Friday, April 30, 2010

P.G. Wodehouse

I also discovered P.G. Wodehouse on holidays, picking up A Damsel in Distress*, after reading a recommendation.

I have been ignorant of Wodehouse up till now, but it turns out he was an extremely profilic writer, publishing over 60 books until his death in 1975.

He is very clever and funny, and I loved his turn of phrase. His books all appear to be set in the early 20th C in England, with servants & lords, etc. Seems that all his books end well too - all the loose ends tied up and everyone lives happily ever after.

I'm so glad I picked it up (and also the next one I found at the library, Doctor Sally). I will now keep Wodehouse in mind as a source of light enjoyable holiday reading, easily read in a day or so. Something to lighten the mind in between the heavier novels!

* It seems you can download the whole book here

Monday, April 26, 2010

Calvin - Chapter 5

Chapter 5: The Knowledge of God shines forth in the fashioning of the universe and the continuing government of it

This chapter is a bit longer and a bit heavier - took me a few goes to get my head around it, and I'm not yet convinced I have yet but here goes!

Not only has God clearly planted the seed of religion in all men (which we saw in Chapter 3), he has also "revealed himself and daily discloses himself in the whole workmanship of the universe" (p52):
wherever you cast your eyes, there is no spot in the universe, wherein you cannot discern at least some sparks of his glory. You cannot in one glance survey this most vast and beautiful system of the universe, in its wide expanse, without being completely overwhelmed by the boundless force of its brightness ... the skillful ordering of the universe is for us a sort of mirror in which we can contemplate God, who is otherwise invisible (ch 5, pt 1, p52-3)
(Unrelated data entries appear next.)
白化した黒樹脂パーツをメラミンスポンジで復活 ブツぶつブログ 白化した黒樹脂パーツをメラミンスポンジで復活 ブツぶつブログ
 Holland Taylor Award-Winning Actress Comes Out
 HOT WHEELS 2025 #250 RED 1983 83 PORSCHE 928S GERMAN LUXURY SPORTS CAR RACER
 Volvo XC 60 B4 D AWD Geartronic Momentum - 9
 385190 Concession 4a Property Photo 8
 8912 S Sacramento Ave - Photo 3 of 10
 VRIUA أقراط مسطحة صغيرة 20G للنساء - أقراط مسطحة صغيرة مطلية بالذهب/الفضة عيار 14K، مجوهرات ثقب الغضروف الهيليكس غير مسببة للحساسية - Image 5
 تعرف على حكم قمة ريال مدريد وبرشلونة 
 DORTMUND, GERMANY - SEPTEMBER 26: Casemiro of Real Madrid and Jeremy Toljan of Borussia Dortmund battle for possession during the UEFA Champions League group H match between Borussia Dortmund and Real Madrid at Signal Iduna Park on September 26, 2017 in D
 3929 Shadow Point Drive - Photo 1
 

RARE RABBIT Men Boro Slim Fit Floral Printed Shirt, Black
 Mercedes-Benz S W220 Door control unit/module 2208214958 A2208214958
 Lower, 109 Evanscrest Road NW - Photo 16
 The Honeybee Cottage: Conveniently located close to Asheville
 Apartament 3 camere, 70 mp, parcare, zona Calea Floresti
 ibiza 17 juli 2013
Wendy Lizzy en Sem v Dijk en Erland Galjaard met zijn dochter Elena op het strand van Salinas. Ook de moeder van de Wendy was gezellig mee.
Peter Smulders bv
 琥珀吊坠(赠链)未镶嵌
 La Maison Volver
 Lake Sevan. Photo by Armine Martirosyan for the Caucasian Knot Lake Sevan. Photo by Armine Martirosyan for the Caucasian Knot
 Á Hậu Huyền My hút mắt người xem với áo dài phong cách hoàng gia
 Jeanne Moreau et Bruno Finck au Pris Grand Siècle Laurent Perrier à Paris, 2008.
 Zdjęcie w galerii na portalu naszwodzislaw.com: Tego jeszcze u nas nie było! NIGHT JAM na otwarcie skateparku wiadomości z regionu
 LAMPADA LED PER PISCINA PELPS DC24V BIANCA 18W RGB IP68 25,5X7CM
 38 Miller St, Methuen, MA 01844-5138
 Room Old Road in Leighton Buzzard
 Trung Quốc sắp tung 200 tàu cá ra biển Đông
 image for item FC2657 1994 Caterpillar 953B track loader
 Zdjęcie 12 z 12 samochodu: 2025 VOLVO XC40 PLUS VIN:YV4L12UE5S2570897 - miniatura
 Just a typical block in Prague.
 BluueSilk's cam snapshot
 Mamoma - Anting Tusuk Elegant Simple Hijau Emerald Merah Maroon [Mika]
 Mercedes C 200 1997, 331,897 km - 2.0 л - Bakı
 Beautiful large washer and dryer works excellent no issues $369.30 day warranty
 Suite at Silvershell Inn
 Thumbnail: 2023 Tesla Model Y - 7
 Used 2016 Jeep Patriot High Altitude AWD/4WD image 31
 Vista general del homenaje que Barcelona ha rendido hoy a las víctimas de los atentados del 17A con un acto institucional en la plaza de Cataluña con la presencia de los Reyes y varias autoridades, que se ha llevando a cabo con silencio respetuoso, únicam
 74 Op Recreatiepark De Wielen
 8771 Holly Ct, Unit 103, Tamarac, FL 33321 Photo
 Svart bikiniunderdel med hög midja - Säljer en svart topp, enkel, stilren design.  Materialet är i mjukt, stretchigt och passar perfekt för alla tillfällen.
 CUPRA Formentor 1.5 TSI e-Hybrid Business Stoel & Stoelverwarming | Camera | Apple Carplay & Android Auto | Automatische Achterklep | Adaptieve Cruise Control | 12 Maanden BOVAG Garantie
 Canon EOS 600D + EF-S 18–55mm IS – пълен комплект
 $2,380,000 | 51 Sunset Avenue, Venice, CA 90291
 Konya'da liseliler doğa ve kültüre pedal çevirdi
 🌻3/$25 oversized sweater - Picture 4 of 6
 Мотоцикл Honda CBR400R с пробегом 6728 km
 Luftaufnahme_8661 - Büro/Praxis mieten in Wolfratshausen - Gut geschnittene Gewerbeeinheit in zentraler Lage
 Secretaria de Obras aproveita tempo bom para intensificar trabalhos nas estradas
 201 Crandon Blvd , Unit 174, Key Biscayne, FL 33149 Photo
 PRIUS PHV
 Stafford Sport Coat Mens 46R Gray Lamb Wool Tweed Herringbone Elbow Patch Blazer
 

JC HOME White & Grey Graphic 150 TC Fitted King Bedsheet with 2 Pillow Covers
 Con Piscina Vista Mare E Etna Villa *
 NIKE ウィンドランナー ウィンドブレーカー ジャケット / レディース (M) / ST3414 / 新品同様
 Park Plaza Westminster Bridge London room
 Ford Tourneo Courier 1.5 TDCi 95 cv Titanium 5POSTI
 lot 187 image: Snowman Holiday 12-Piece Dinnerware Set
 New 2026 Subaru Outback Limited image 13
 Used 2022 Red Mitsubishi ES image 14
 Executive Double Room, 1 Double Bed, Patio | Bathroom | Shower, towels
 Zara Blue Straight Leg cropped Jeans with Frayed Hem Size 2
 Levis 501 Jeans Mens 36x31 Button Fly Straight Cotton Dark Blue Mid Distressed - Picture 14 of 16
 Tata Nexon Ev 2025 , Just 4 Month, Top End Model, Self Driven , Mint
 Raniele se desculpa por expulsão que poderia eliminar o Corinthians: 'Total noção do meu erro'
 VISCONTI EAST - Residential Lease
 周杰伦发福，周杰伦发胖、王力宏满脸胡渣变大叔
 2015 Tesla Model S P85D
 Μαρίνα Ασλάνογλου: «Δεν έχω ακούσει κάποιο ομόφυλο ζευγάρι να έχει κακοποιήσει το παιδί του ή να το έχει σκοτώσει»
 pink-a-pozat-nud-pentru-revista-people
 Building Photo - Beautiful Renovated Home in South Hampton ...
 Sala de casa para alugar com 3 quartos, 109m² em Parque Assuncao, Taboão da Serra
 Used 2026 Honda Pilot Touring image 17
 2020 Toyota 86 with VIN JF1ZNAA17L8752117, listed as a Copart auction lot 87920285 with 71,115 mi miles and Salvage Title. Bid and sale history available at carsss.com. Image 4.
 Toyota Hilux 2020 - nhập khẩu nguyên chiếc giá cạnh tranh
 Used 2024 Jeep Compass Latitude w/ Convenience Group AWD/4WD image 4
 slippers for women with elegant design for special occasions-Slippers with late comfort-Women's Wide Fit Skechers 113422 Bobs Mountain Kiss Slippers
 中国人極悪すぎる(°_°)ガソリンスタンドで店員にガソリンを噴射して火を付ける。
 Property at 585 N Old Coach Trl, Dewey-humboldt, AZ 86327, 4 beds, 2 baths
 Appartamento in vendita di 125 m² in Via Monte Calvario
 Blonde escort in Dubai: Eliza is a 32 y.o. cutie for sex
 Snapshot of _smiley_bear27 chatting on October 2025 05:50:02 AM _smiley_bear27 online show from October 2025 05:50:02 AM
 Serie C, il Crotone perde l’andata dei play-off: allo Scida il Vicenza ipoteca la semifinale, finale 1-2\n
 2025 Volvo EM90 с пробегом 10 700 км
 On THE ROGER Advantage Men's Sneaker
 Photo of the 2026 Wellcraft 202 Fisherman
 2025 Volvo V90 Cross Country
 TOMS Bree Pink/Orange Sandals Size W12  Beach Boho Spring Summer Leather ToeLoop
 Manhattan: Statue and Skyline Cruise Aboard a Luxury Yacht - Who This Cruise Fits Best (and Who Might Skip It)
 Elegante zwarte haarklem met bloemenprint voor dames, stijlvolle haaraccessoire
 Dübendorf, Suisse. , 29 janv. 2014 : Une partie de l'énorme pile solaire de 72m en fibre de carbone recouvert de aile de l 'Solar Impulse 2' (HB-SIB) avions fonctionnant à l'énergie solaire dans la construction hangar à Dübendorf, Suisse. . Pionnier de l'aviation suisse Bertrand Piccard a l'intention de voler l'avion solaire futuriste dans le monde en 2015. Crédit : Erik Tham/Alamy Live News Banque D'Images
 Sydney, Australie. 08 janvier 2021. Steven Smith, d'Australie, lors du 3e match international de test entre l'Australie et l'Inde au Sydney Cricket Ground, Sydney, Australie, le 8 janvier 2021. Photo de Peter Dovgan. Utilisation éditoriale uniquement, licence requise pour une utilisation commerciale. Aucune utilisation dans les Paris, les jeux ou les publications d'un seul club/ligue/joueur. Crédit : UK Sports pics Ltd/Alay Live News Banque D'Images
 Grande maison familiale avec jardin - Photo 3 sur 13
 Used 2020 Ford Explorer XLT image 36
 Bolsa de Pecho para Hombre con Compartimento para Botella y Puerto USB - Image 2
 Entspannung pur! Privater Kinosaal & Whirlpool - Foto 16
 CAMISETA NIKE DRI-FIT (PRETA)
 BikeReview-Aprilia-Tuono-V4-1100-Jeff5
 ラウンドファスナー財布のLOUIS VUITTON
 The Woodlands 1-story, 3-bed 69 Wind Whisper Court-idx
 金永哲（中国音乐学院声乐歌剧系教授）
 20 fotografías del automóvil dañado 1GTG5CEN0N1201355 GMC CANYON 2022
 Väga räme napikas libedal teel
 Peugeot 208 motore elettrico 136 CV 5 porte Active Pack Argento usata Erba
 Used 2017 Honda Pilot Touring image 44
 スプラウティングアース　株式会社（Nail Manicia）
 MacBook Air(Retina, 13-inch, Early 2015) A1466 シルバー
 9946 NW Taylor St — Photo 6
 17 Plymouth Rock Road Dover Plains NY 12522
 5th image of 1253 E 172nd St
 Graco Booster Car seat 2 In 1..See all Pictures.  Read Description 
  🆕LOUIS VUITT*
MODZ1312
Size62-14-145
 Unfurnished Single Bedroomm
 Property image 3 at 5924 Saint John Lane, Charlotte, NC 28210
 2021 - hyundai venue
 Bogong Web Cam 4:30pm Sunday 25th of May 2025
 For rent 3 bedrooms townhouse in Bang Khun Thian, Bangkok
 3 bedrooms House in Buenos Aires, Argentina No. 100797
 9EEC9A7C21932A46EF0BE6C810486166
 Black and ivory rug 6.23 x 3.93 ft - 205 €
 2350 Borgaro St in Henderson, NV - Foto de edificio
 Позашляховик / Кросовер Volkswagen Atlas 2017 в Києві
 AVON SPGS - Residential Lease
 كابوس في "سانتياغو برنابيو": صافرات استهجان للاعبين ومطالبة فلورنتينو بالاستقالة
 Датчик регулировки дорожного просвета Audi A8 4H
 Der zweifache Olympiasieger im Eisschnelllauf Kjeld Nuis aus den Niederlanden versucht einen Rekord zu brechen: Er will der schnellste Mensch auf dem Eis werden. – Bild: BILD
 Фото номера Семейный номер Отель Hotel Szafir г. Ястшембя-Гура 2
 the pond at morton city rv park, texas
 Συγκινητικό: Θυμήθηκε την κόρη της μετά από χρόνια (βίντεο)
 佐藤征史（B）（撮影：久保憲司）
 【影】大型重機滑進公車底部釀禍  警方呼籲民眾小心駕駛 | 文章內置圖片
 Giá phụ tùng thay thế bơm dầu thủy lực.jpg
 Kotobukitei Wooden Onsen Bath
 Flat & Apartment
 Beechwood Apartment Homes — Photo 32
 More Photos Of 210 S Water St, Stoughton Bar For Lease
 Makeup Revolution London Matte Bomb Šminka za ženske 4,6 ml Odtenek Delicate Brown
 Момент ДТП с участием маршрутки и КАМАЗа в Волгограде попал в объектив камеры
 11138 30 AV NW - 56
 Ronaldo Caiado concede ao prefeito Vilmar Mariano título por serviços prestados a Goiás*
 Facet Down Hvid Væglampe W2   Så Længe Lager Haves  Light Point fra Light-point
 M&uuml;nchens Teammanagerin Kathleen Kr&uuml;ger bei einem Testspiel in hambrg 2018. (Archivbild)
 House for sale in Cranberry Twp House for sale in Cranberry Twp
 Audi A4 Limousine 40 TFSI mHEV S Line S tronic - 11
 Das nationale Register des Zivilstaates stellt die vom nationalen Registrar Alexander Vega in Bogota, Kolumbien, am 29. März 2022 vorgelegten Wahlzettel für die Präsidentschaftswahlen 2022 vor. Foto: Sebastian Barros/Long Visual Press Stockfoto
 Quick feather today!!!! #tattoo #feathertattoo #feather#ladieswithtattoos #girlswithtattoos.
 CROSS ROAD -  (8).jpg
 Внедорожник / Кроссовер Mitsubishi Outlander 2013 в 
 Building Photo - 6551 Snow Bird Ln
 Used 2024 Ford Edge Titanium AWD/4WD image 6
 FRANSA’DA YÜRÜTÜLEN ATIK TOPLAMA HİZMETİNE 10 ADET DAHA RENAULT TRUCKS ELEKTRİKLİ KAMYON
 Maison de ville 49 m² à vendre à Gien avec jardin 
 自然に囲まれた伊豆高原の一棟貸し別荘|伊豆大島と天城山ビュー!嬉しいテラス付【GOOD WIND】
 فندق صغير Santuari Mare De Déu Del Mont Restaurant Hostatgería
Then, if we are willing to look - we can see than mankind itself is proof of God's amazing creativity. Sadly however, such a fact does not make us turn to God:
They [men] have within themselves a workshop graced with God's unnumbered work and, at the same time, a storehouse overflowing within inestimable riches. They ought, then, to break forth into praises of him but are actually puffed up and swollen with all the more pride. (Ch 5, pt 4, p55)
I do always find it astonishing when people encounter the miracles of the human body and it's work and order that they conclude that it all 'just happened'. It seems to me much easier to believe in a creator who fashioned it to be that way:
For nothing is more preposterous than to enjoy the very remarkable gifts that attest the divine nature within us, yet to overlook the Author who gives them to us at our asking. (Ch 5, pt 6, p58-9)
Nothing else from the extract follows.